INSTRUCTIONS TO FOLLOW |
With the pictures left out, retype exactly the lines below starting at the line that contains "2012 Subaru Forester 2.5X" and ending at the line that contains "2026 Hyundai SANTA CRUZ SEL Activity AWD".

DATASET |
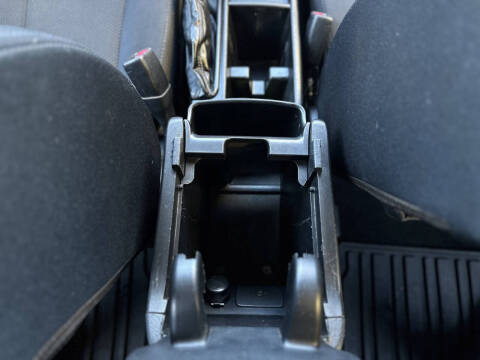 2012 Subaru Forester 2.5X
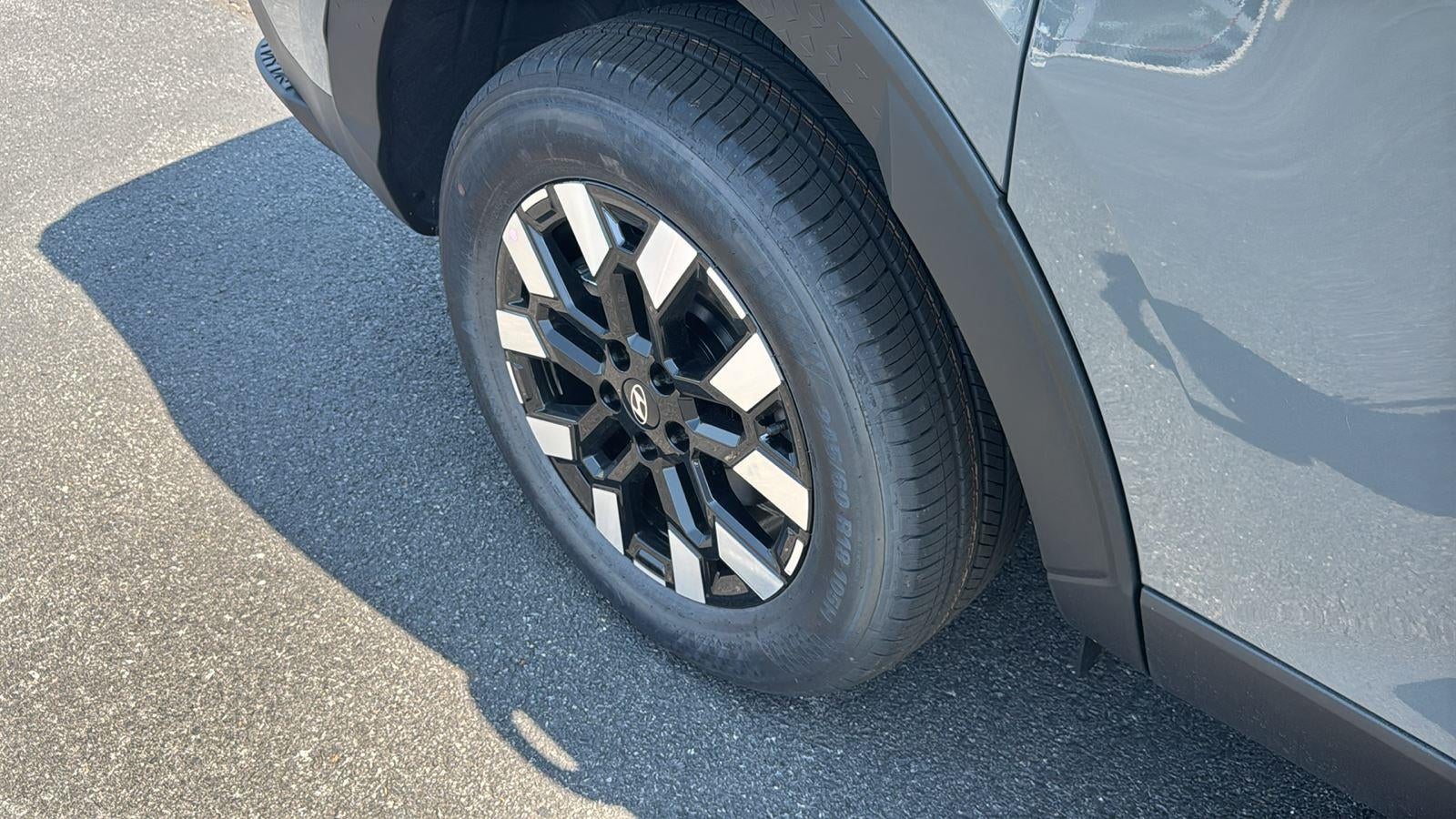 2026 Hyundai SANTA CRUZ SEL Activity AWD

==

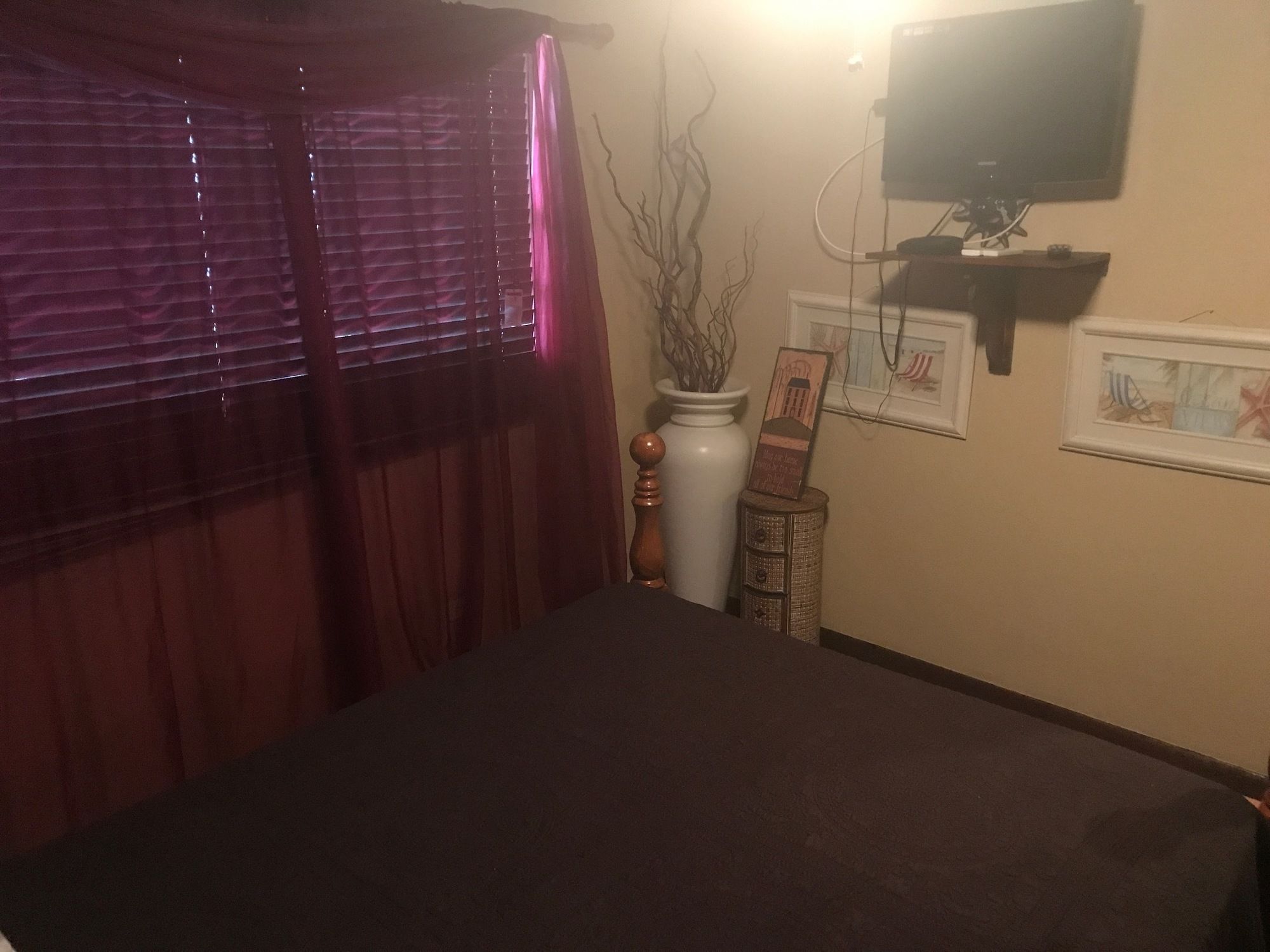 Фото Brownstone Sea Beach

EXERCISE OUTPUT |
 2012 Subaru Forester 2.5X
 2026 Hyundai SANTA CRUZ SEL Activity AWD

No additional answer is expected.